> **Supplied records**:
────────────────────
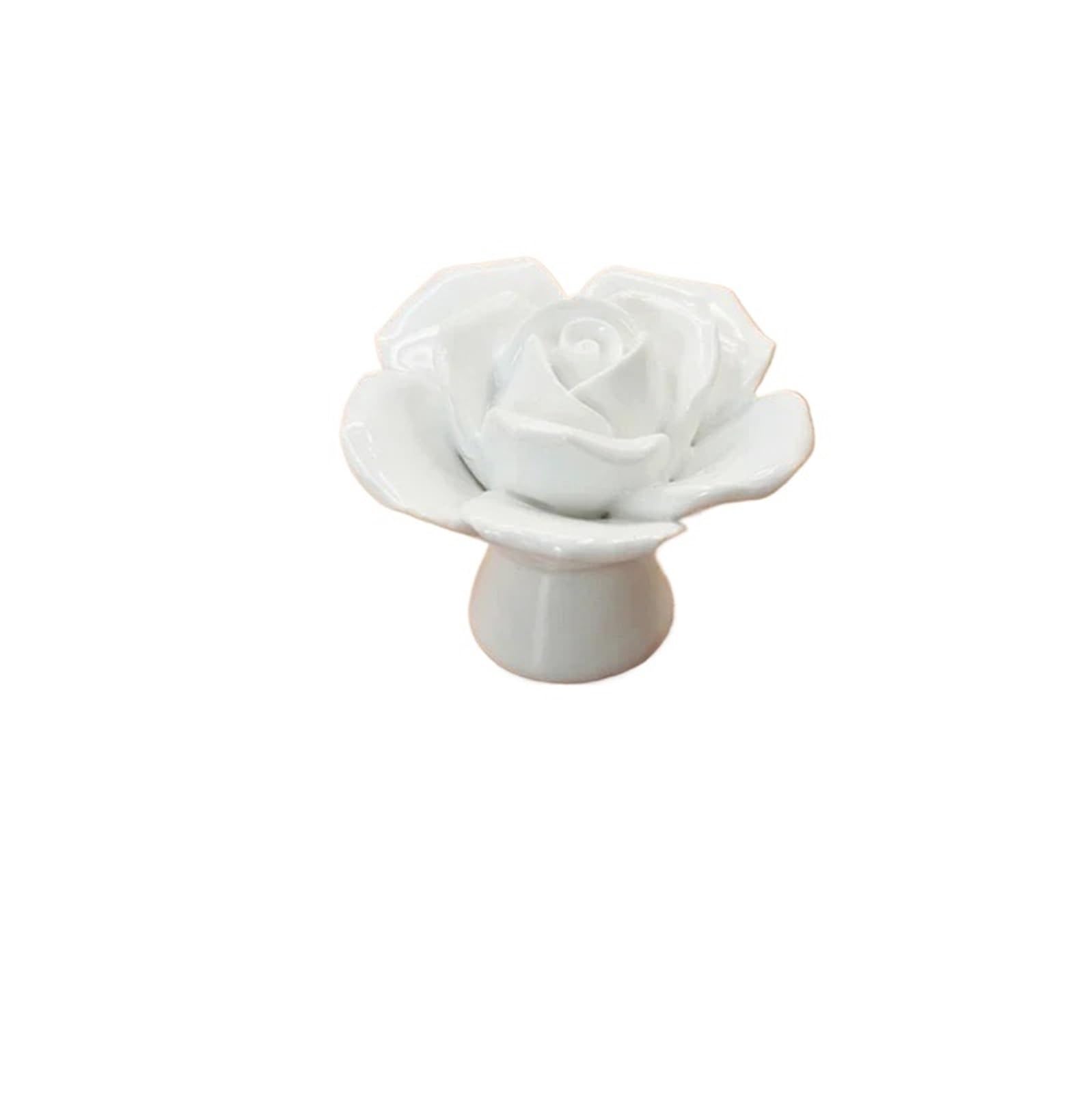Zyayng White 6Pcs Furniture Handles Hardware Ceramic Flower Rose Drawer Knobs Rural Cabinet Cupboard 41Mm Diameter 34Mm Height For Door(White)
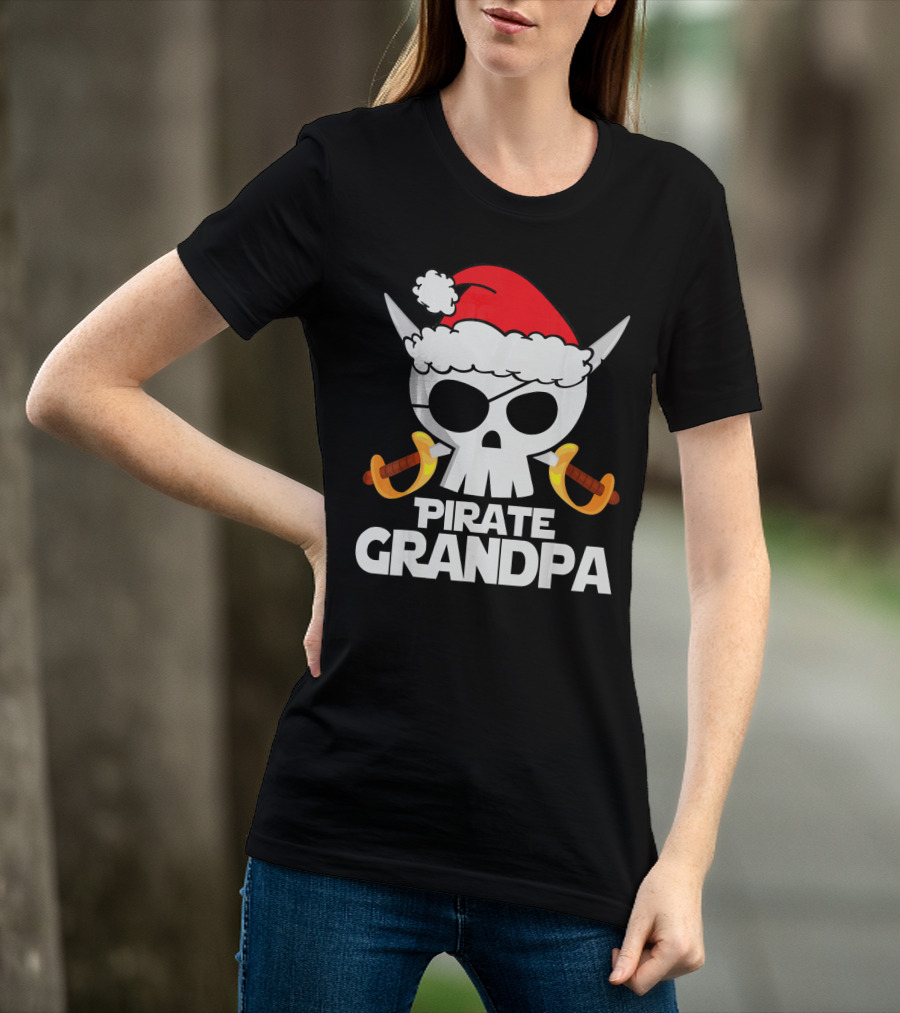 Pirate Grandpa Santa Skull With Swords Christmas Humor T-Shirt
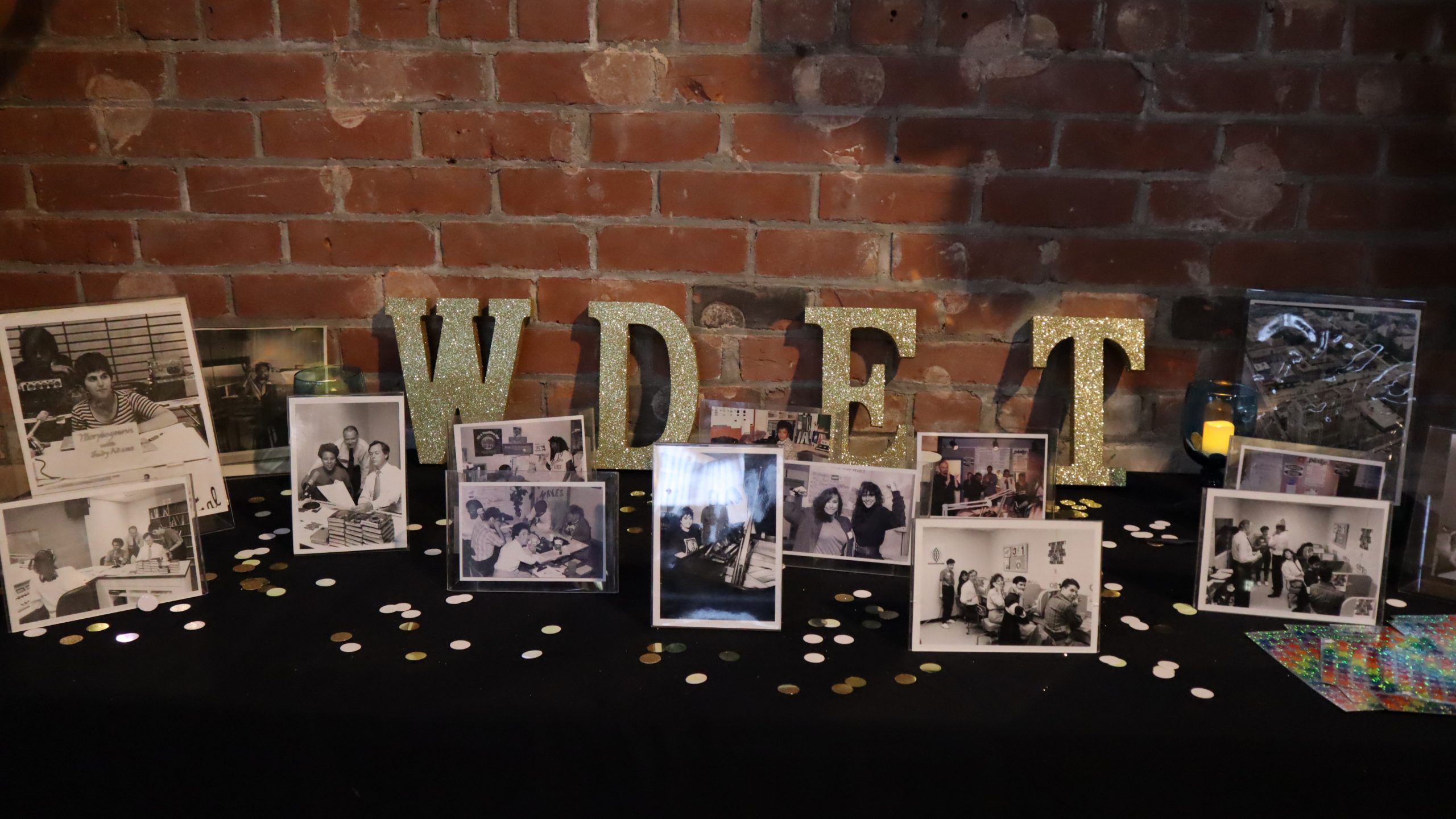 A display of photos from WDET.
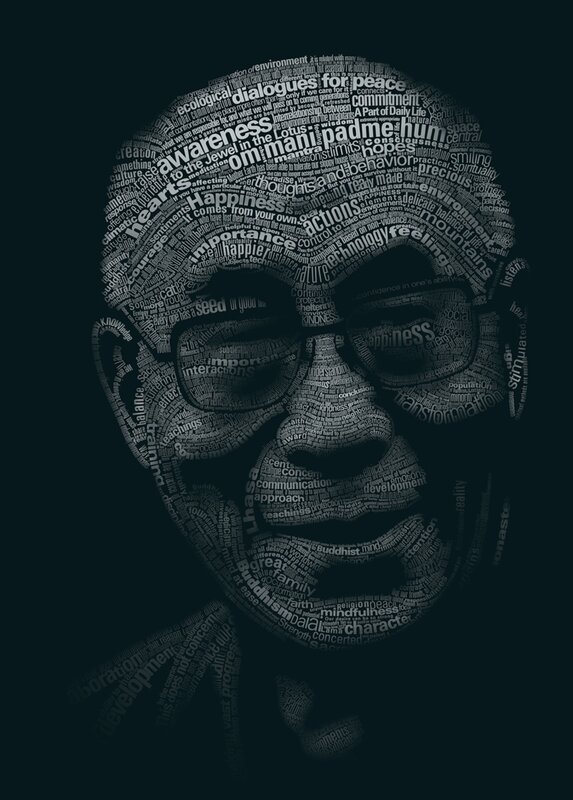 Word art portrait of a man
────────────────────
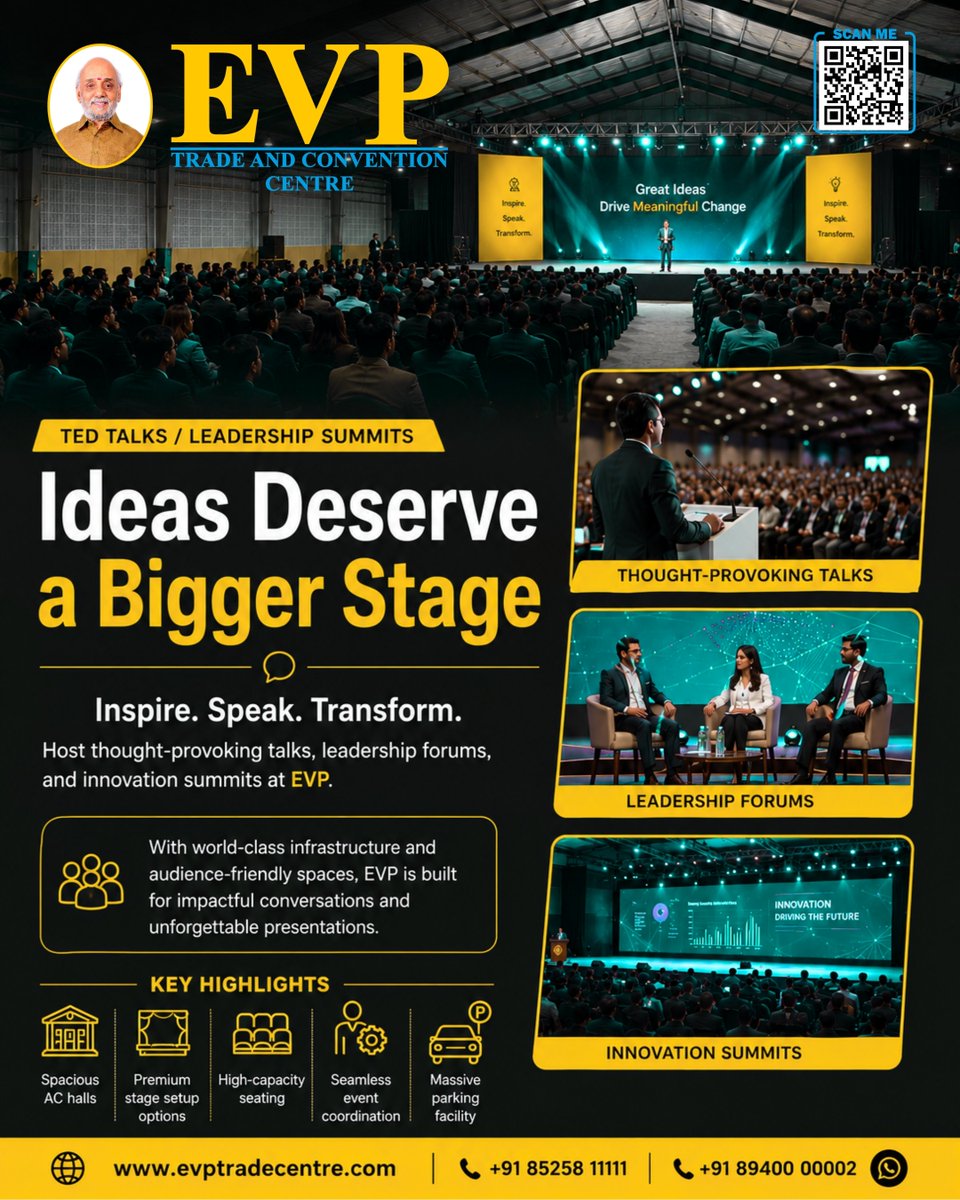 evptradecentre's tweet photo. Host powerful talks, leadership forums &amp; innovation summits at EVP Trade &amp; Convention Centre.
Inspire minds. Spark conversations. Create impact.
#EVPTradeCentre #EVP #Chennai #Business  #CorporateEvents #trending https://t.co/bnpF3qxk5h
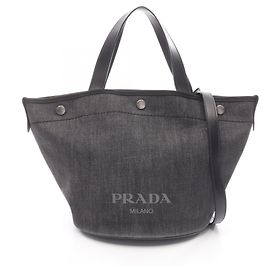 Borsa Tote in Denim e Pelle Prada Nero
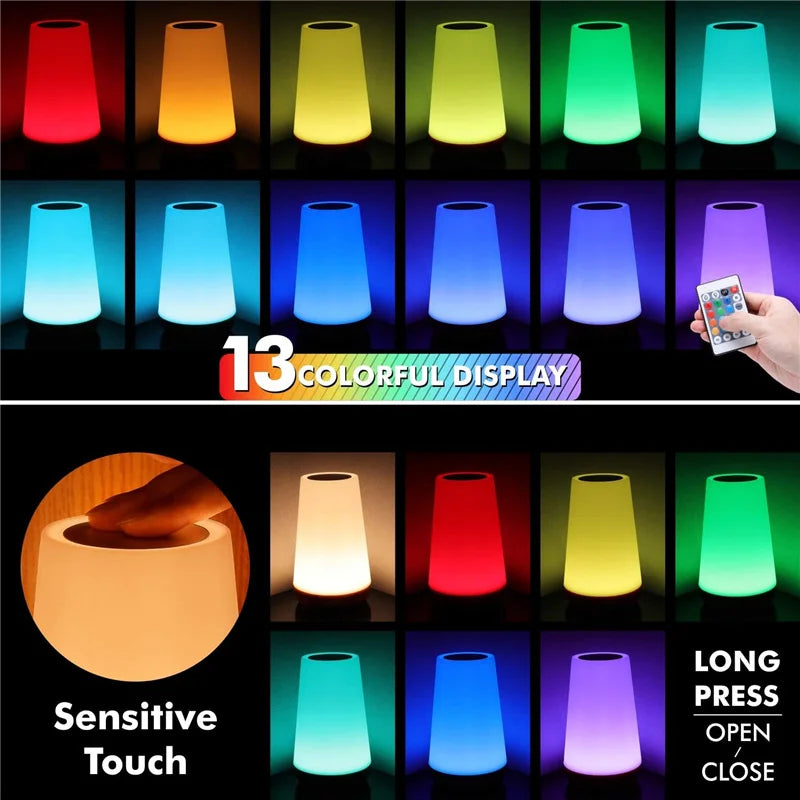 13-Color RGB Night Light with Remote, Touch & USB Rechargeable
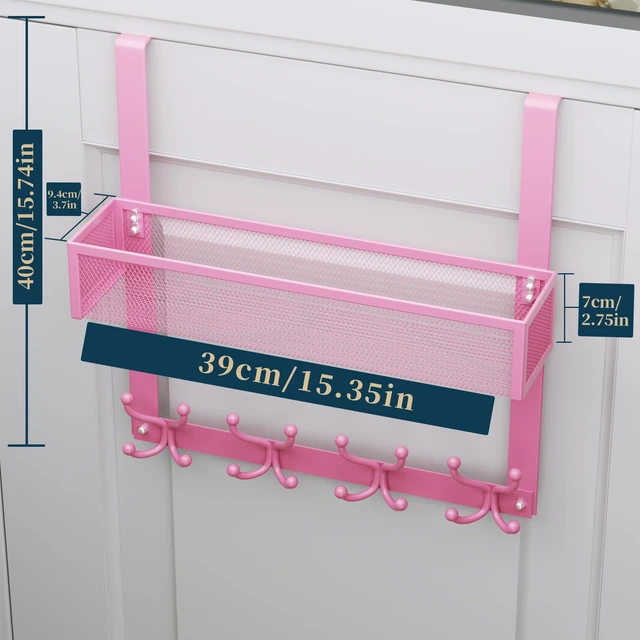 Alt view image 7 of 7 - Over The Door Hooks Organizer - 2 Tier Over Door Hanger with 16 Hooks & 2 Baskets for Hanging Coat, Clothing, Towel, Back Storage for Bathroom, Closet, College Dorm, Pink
────────────────────
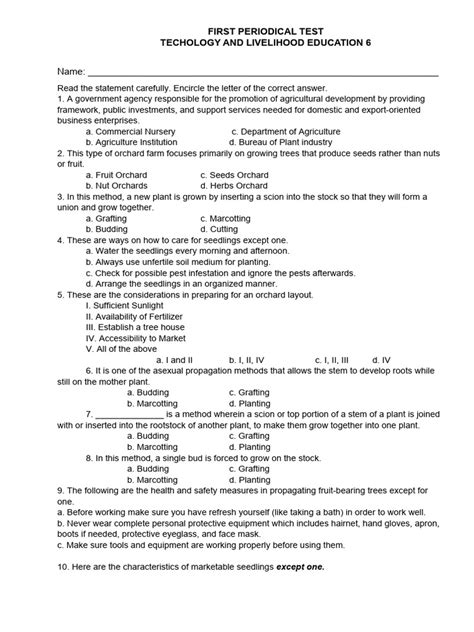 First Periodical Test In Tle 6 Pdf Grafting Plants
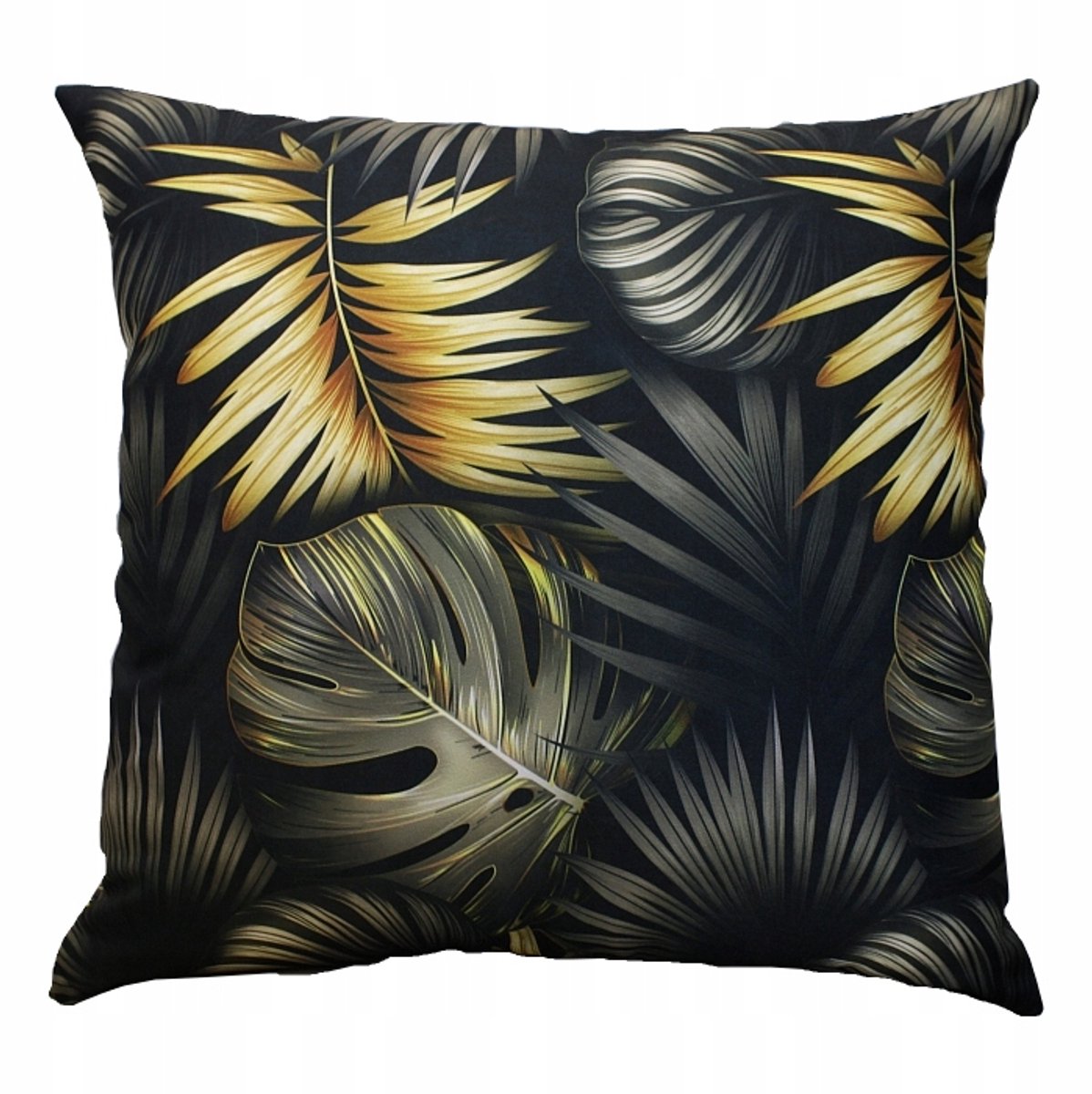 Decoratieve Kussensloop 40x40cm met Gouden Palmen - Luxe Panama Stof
────────────────────
> **Problem to work on**: Within the data above, repeat exactly the lines from the one bearing "#EVPTradeCentre #EVP #Chennai" through the one bearing "Alt view image". Include no pictures and nothing else.

> **Task output**:
#EVPTradeCentre #EVP #Chennai #Business  #CorporateEvents #trending https://t.co/bnpF3qxk5h
 Borsa Tote in Denim e Pelle Prada Nero
 13-Color RGB Night Light with Remote, Touch & USB Rechargeable
 Alt view image 7 of 7 - Over The Door Hooks Organizer - 2 Tier Over Door Hanger with 16 Hooks & 2 Baskets for Hanging Coat, Clothing, Towel, Back Storage for Bathroom, Closet, College Dorm, Pink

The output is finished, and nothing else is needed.